Reflection has long been considered an important aspect of professional practice. Educated practitioners utilize reflection to connect the knowledge of their fields, infuse this knowledge with meaning, and intertwine knowledge with their own personal identities. Recently the Consortium to Promote Reflection in Engineering Education (CPREE) has made considerable progress in promoting reflection across the engineering education community within the United States. The following study leverages the authors’ involvement, experiences, and observations within CPREE to capture the use of reflection in professional and personal settings through the lens of engineers in different contexts - faculty, students, and practitioners.
Researchers from four distinctly different institutions have collected data from 460 engineering participants (67 faculty, 267 students, and 93 practitioners). Participants were asked to respond to three open-ended prompts asking them to: 1) define reflection in their own words, 2) provide examples of reflection use in their personal lives, and 3) provide examples of reflection use in their professional and/or academic lives. A set of codes were developed to categorize responses. Definitions align with theoretical perspectives, including reflection-on-action (looking back), reflection-in-action (during), and reflection-then-action (looking forward). Personal use codes include making meaning of experiences, personal improvement, checking against one’s morals, and spiritual experiences among others. Professional use included such codes as making meaning of experiences, checking against one’s morals, improvement of learning, and monitoring performance.

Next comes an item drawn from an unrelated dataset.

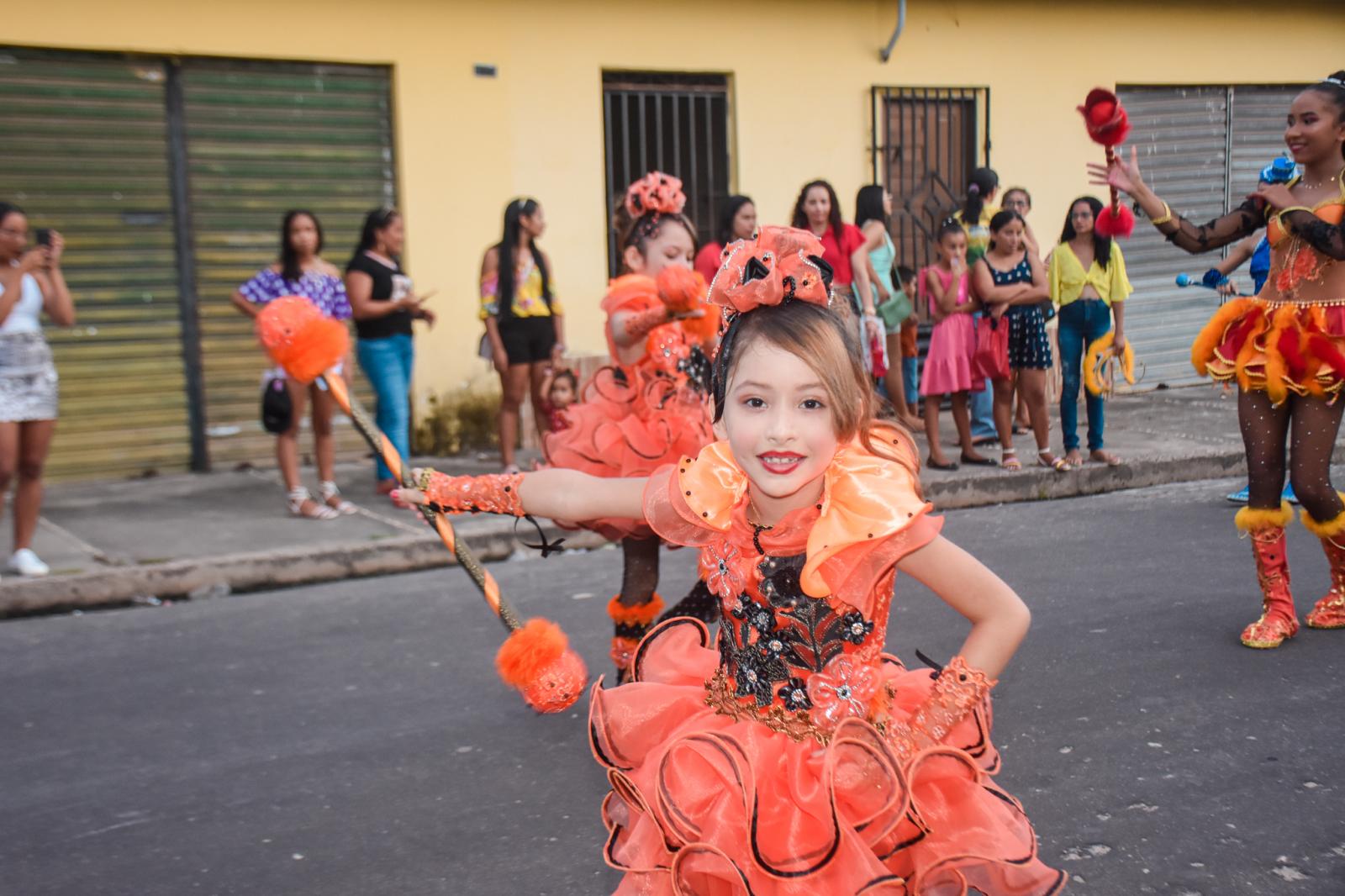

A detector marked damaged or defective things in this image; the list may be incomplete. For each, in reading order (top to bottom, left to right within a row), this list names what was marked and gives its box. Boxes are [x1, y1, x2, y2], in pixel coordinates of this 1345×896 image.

This paper will present our overall results including comparisons of definitions with use and comparisons of definitions and uses across the three groups. The emerging findings will provide a better understanding of engineers’ use of reflection. This will provide a foundation for future work investigating change efforts at our institutions that aim to increase faculty and engineering students’ learning of reflection as a professional engineering skill and their associated reflective practice within teaching, learning, and engineering work.
Dr. Adam Carberry is an associate professor at Arizona State University in the Fulton Schools of Engineering, The Polytechnic School. He earned a B.S. in Materials Science Engineering from Alfred University, and received his M.S. and Ph.D., both from Tufts University, in Chemistry and Engineering Education respectively. Dr. Carberry was previously an employee of the Tufts’ Center for Engineering Education & Outreach.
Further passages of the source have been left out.